LE MAIRE DE LA SEYNE-SUR-MER, MARC VUILLEMOT, A EXPRIMÉ SA COLÈRE DURANT LE 22E CONGRÈS DU CNAFAL FACE AU DÉSENGAGEMENT CROISSANT DE L'ÉTAT DANS LA VIE PUBLIQUE.
ÉCLAIRAGE
Marc Vuillemot a été élu en 2008 maire de La Seynesur-Mer sous l'étiquette Parti socialiste. Il a succédé à l'UMP Arthur Paecht dans cette ville ouvrière qui fut longtemps un bastion du PCF (1947 à 1984)
D'abord un grand merci d'avoir choisi La Seyne-sur-Mer pour tenir votre congrès national des associations familiales laïques.
Sachez que, de vos horizons divers, d'où que vous veniez, La Seyne vous accueille d'autant plus volontiers que ce qui vous unit, ce sont deux lois, et non des moindres : celle de 1901 sur la liberté d'association, et celle de 1905, de séparation des Églises et de l'État. Et sachez aussi que ce qui vous unit nous unit. Je me sens totalement des vôtres, et je peux m'exprimer au nom de mon équipe municipale. Je ne serai pas long mais je tenais absolument à passer vous saluer et vous souhaiter personnellement la bienvenue et remercier aussi particulièrement la présidente du conseil départemental des associations familiales laïques, Nathalie Rocailleux, d'avoir défendu la tenue de ce congrès ici même où, si je ne me trompe, elle a vécu, à La Rouve. Merci donc, à toi Nathalie, et à vous tous.
Reparlons un peu de la laïcité, de l'État, des associations...
Je sais que les Familles Laïques font du chemin dans les instances démocratiques représentatives de la famille. Et il y a encore bien du chemin à faire, ce combat est le vôtre, ce combat est le mien, il l'a été dans mon parcours professionnel au sein de l'éducation nationale, dans mon quotidien durant des années au sein du tissu associatif seynois et dans mon activité de maire. Ce combat, porteur de sens, demande une énergie constante.

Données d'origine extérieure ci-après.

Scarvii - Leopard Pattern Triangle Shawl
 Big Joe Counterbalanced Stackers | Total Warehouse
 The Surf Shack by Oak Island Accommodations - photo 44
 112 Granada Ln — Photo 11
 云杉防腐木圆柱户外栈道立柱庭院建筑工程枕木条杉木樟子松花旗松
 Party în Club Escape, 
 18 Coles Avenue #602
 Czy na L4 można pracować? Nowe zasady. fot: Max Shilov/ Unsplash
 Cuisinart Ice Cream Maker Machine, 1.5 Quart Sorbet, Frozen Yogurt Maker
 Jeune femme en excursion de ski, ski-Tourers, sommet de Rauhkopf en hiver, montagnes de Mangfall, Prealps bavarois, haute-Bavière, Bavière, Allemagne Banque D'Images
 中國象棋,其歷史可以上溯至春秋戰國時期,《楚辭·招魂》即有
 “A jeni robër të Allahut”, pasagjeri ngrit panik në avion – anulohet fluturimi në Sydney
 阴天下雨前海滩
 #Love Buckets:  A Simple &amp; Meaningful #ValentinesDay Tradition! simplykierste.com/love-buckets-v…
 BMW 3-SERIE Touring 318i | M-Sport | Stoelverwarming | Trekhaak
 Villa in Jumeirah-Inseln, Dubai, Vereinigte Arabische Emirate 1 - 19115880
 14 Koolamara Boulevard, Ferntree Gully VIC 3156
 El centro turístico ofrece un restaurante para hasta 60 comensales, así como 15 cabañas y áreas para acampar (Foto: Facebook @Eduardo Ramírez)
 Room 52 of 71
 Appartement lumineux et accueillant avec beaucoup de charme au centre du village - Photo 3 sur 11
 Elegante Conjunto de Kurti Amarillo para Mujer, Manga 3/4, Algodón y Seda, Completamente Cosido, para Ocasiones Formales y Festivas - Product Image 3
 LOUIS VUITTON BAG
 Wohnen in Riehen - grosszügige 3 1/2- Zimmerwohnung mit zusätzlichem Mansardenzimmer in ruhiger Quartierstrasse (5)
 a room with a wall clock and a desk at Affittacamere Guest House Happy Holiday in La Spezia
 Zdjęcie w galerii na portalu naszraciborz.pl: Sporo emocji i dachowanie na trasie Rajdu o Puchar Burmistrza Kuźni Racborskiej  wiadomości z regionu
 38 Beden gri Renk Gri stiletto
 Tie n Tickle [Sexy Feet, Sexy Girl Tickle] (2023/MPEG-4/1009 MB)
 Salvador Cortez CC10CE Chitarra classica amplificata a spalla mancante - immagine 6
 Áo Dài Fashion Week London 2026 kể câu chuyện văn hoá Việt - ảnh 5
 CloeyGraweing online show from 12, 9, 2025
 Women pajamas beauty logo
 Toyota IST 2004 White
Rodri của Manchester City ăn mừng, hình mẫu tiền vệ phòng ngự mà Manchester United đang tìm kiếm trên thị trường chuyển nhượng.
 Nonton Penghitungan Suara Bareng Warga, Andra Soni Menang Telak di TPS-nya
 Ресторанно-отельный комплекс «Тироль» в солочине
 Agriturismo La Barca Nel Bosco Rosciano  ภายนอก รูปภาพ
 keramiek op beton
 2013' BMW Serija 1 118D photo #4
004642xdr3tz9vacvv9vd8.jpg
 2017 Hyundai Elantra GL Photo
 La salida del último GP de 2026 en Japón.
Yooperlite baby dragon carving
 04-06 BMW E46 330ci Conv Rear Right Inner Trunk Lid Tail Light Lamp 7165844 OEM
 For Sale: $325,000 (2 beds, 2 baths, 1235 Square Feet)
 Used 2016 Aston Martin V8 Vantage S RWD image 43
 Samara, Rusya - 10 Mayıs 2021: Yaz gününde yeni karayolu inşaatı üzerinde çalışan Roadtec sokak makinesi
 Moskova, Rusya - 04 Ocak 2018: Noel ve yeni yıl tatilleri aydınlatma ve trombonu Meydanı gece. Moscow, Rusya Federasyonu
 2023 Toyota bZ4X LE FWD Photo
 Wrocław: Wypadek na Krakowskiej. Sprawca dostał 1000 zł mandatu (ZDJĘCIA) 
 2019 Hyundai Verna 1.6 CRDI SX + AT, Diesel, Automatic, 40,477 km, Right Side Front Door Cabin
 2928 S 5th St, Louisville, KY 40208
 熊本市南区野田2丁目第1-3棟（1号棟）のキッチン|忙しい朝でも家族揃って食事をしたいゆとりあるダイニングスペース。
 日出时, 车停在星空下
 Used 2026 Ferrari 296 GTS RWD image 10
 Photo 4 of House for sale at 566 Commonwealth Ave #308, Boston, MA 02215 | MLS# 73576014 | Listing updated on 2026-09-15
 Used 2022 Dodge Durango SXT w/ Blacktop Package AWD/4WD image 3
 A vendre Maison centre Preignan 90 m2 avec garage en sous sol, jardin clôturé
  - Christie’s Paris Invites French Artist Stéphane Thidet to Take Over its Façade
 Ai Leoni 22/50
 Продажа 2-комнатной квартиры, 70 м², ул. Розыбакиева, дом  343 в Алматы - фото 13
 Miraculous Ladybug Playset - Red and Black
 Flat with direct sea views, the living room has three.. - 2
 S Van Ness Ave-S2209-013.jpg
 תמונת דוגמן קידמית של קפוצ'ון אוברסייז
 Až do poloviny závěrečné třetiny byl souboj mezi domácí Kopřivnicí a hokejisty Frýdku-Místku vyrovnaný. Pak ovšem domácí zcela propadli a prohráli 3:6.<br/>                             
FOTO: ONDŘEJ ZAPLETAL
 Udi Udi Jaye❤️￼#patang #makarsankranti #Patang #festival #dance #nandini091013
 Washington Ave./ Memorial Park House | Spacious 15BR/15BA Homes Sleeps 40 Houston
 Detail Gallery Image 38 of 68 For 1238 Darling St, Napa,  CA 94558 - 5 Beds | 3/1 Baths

Défendre la laïcité est une nécessité à vocation universelle, préservant les libertés de culte et d'opinion et permettant de vivre ensemble dans un espace public concerté. Mais ce combat ne doit pas dévier de sa trajectoire et rester l'idéal à atteindre : il est fondamental si l'on veut faire une société où vivre ensemble ne se résume pas à la somme de nos égoïsmes. Les associations, elles aussi, sont l'héritage de luttes pour une liberté de construire des projets partagés, d'utilité sociale, générateurs de richesses humaines et financières. Aujourd'hui, et je parle enfin de l'État, ces associations agonisent, vous êtes bien placés, vous toutes et tous, pour le savoir, puisque vous devez le vivre dans vos structures.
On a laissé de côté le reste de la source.